▸ **About this task**
Reproduce verbatim all of the data given below, but do not carry over the images.

[Dataset entries]
☆ ☆ ☆ ☆

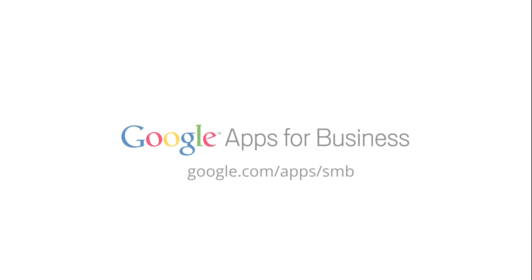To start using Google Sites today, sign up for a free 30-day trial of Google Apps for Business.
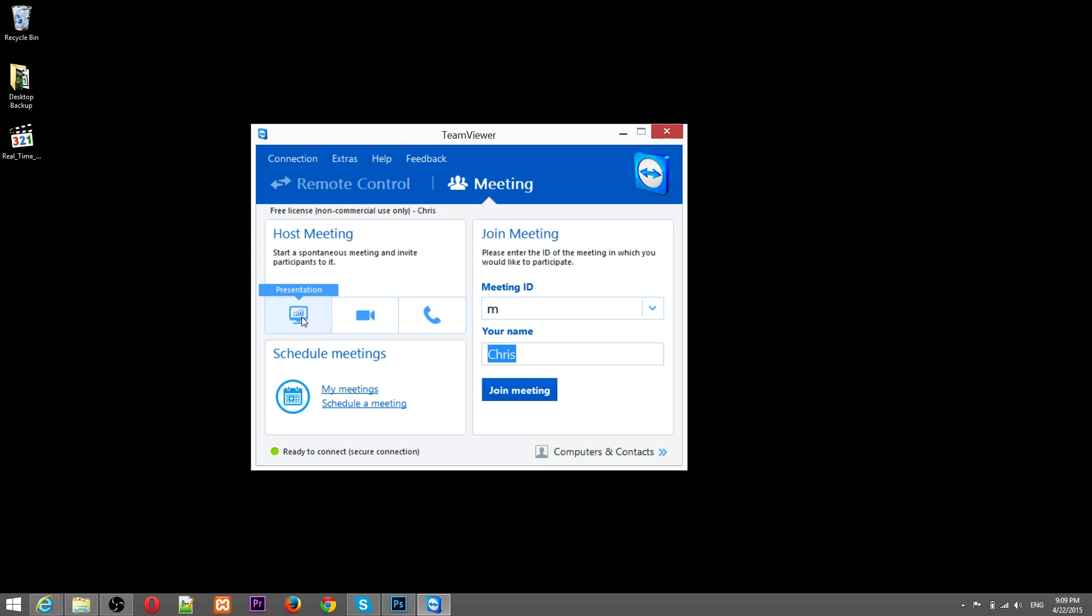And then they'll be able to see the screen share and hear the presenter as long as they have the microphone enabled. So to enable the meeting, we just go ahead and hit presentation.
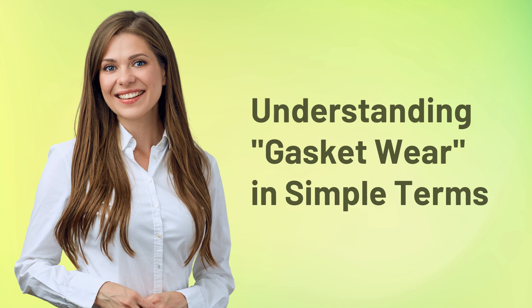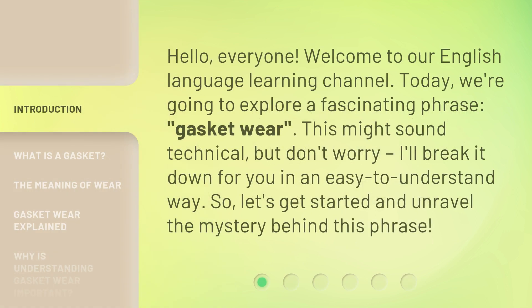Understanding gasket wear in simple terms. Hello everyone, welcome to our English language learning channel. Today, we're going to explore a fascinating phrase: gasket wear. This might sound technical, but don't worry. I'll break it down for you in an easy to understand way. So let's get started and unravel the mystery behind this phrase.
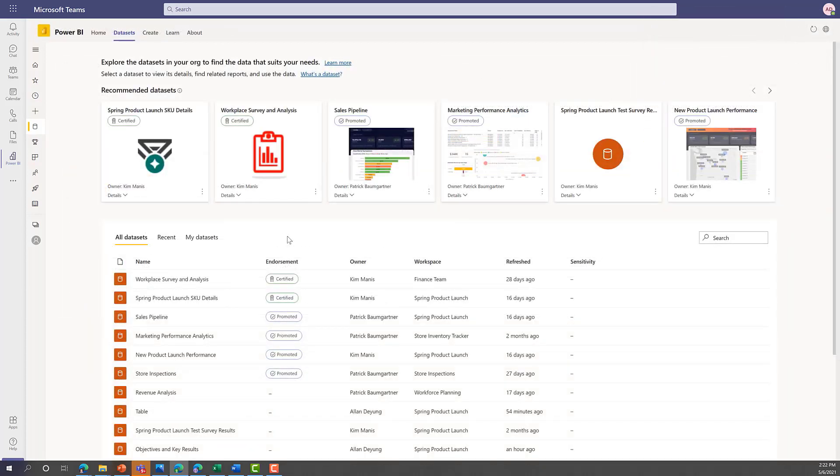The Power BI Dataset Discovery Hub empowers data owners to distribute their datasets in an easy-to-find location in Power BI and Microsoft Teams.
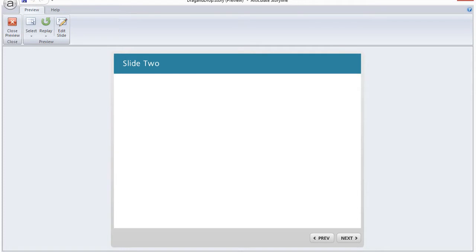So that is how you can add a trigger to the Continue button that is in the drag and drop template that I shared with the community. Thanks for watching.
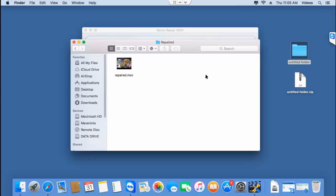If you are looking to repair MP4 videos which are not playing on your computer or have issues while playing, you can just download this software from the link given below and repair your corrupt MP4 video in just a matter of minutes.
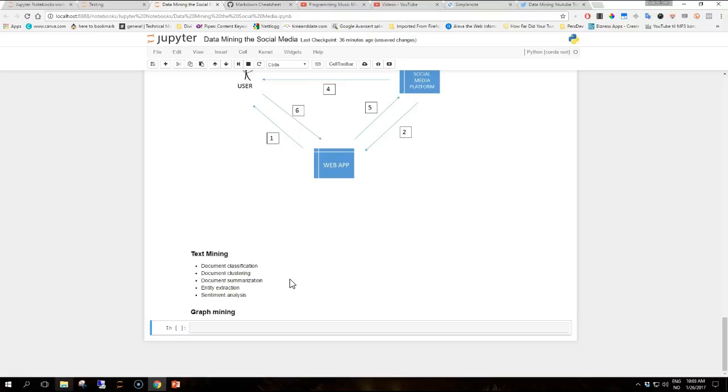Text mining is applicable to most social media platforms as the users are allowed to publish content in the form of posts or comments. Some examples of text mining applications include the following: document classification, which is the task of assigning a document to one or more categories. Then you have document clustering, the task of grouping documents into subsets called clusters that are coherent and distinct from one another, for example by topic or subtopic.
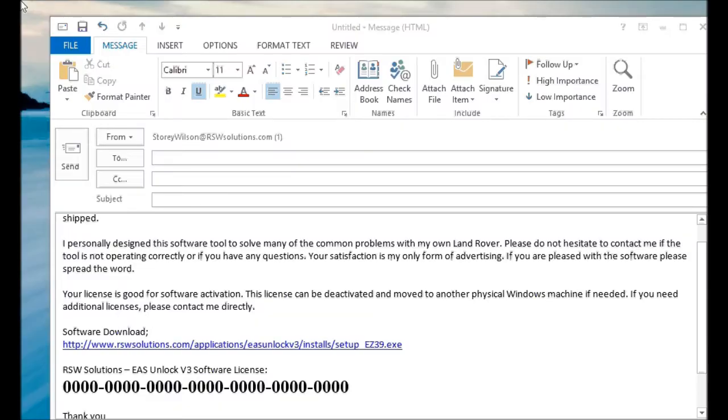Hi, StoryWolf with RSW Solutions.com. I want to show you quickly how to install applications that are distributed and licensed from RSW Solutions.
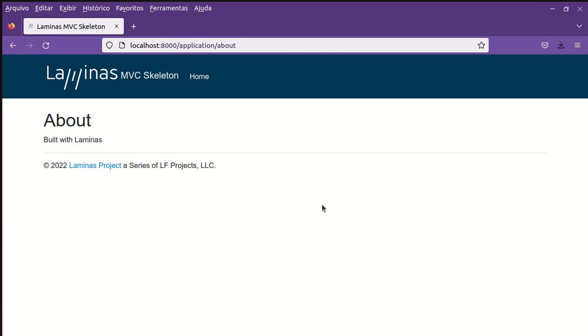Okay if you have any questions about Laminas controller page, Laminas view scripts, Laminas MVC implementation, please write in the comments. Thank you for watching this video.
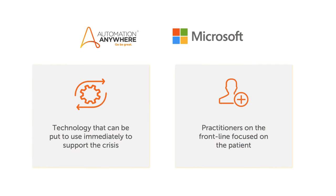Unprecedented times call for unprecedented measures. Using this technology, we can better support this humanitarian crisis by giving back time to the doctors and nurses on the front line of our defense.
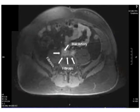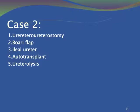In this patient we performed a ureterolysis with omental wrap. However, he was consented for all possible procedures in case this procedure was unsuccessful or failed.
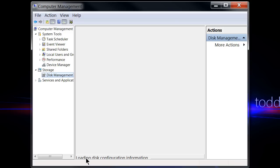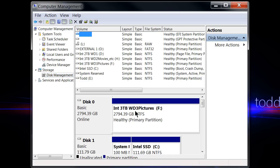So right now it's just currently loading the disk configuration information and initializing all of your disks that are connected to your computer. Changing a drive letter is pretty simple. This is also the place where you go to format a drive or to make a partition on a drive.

☆ ☆ ☆ ☆

▸ **Solved problem**
To start using Google Sites today, sign up for a free 30-day trial of Google Apps for Business.
And then they'll be able to see the screen share and hear the presenter as long as they have the microphone enabled. So to enable the meeting, we just go ahead and hit presentation.
Understanding gasket wear in simple terms. Hello everyone, welcome to our English language learning channel. Today, we're going to explore a fascinating phrase: gasket wear. This might sound technical, but don't worry. I'll break it down for you in an easy to understand way. So let's get started and unravel the mystery behind this phrase.
The Power BI Dataset Discovery Hub empowers data owners to distribute their datasets in an easy-to-find location in Power BI and Microsoft Teams.
So that is how you can add a trigger to the Continue button that is in the drag and drop template that I shared with the community. Thanks for watching.
If you are looking to repair MP4 videos which are not playing on your computer or have issues while playing, you can just download this software from the link given below and repair your corrupt MP4 video in just a matter of minutes.
Text mining is applicable to most social media platforms as the users are allowed to publish content in the form of posts or comments. Some examples of text mining applications include the following: document classification, which is the task of assigning a document to one or more categories. Then you have document clustering, the task of grouping documents into subsets called clusters that are coherent and distinct from one another, for example by topic or subtopic.
Hi, StoryWolf with RSW Solutions.com. I want to show you quickly how to install applications that are distributed and licensed from RSW Solutions.
Okay if you have any questions about Laminas controller page, Laminas view scripts, Laminas MVC implementation, please write in the comments. Thank you for watching this video.
Unprecedented times call for unprecedented measures. Using this technology, we can better support this humanitarian crisis by giving back time to the doctors and nurses on the front line of our defense.
In this patient we performed a ureterolysis with omental wrap. However, he was consented for all possible procedures in case this procedure was unsuccessful or failed.
So right now it's just currently loading the disk configuration information and initializing all of your disks that are connected to your computer. Changing a drive letter is pretty simple. This is also the place where you go to format a drive or to make a partition on a drive.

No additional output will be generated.